Throughout the winter she strove with single purpose to slip into the man's confidence. Having recognised Hume's peculiar strength, having sought his weaknesses, knowing that he was no man's or woman's fool, she did not make a fool of herself by giving him an inkling of her intentions. When she was most interested it was her role to appear most indifferent; here was the one vulnerable point her searching fingers had found in the shell of his egoism. Indifference piqued him.

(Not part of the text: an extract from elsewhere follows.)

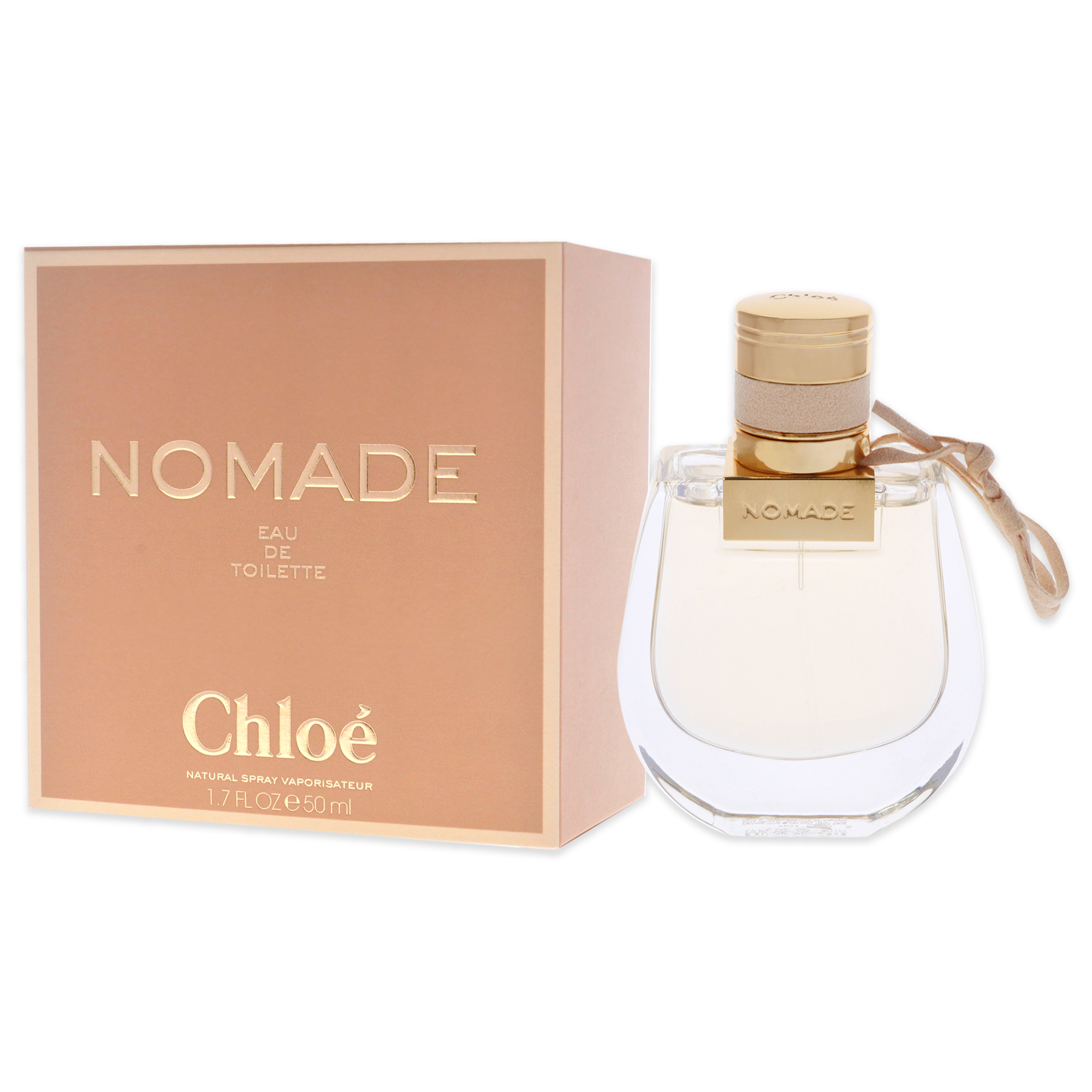 Foto 6 pulgar | Venta Internacional - Perfume Chloe Nomade Eau De Toilette 50 Ml Para Mujer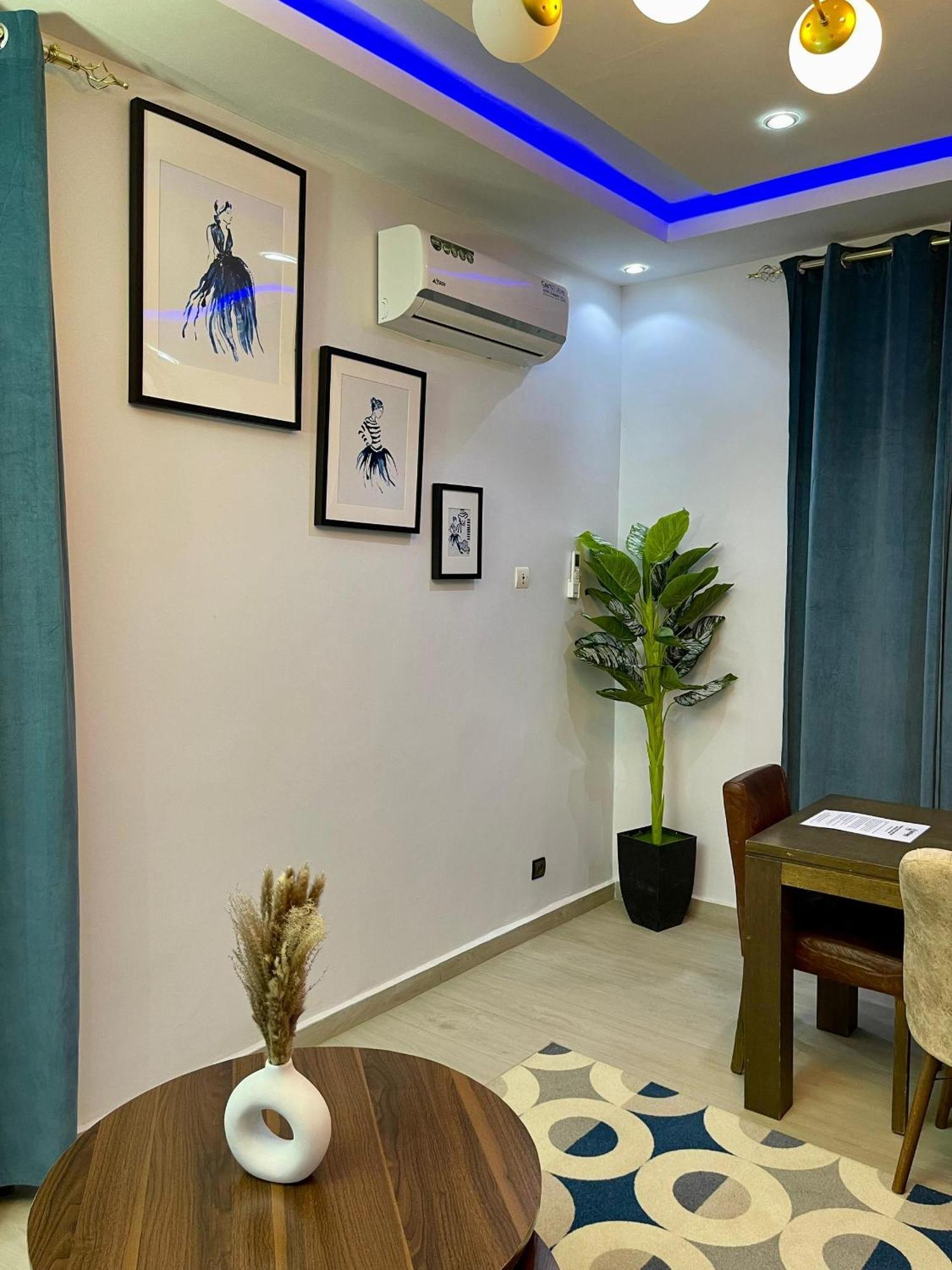 Residhomes Apparthotel Saint-Louis Luaran gambar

It was as though she had gathered three armies and hurled them at him. From the centre she attacked with indifference, striving to draw his attention from other points. She massed two distinct flanking movements stealthily. Upon one side she brought to bear upon a keen brain a brain as keen; upon the other she calmly deployed the charm of her regal beauty. The man had seemed a machine, emotionless. But since he was human, since blood, Hume blood though it was, ran through his veins, he must have emotions like other men. They might be hidden, they might be of stunted, pale growth. In one case she would uncover them, in another she would develop. Already she admired him as a vital, compelling force. She would make him admire a similar force In her; she would make him admire the physical perfection of her. She was a woman, she was amply endowed with brain and instinct and beauty. And she was far too shrewd to overlook a single weapon which lay at her hand.
The eternal looms were weaving, the warp of her being, the woof of his being were drawn into the intricate pattern of human destiny. Smiles and tears, hopes and fears, emotions of which a man is unconscious, ambitions and failures, achievements--all go into the invisible fabric. Already Sledge Hume and Helga Strawn had come to find something to admire in each other. The short sight of a clever man and a clever woman could not discern what lay at the end. And the end was rushing upon them with tremendous speed.